*** Opening Recorded information ***

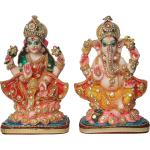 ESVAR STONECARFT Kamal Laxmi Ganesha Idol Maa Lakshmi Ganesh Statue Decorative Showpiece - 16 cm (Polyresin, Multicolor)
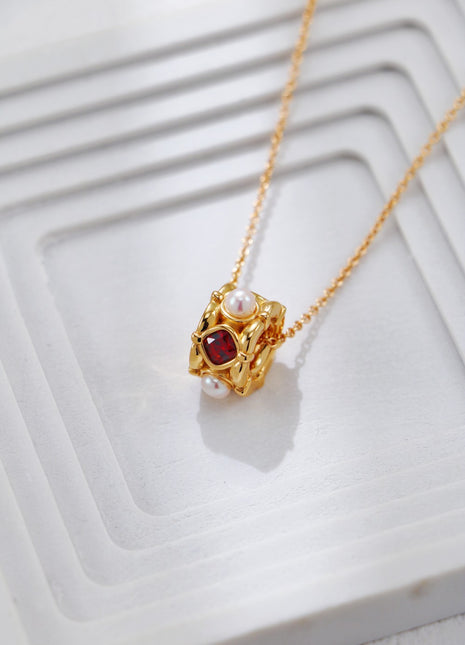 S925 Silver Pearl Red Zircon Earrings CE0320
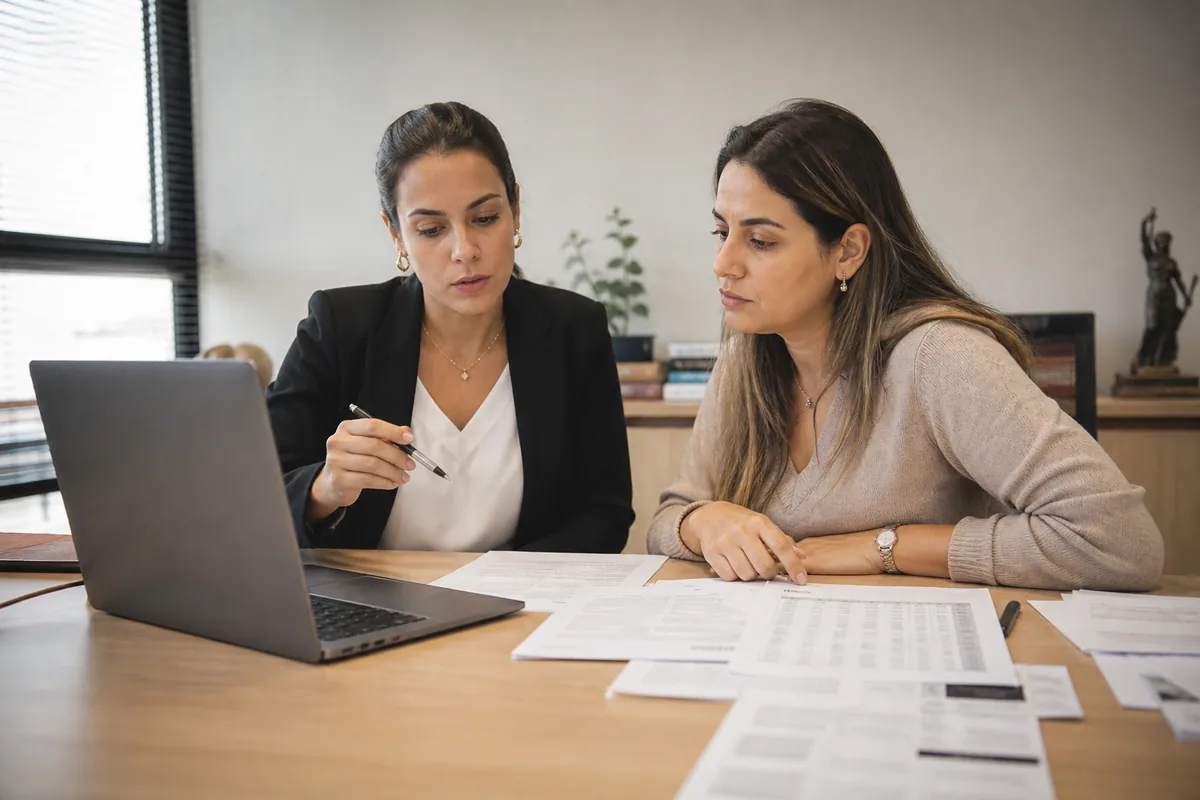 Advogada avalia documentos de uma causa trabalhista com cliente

*** Closing Recorded information ***

### Problem
The expected output is the material above, repeated exactly and free of pictures.

### Your response
 ESVAR STONECARFT Kamal Laxmi Ganesha Idol Maa Lakshmi Ganesh Statue Decorative Showpiece - 16 cm (Polyresin, Multicolor)
 S925 Silver Pearl Red Zircon Earrings CE0320
 Advogada avalia documentos de uma causa trabalhista com cliente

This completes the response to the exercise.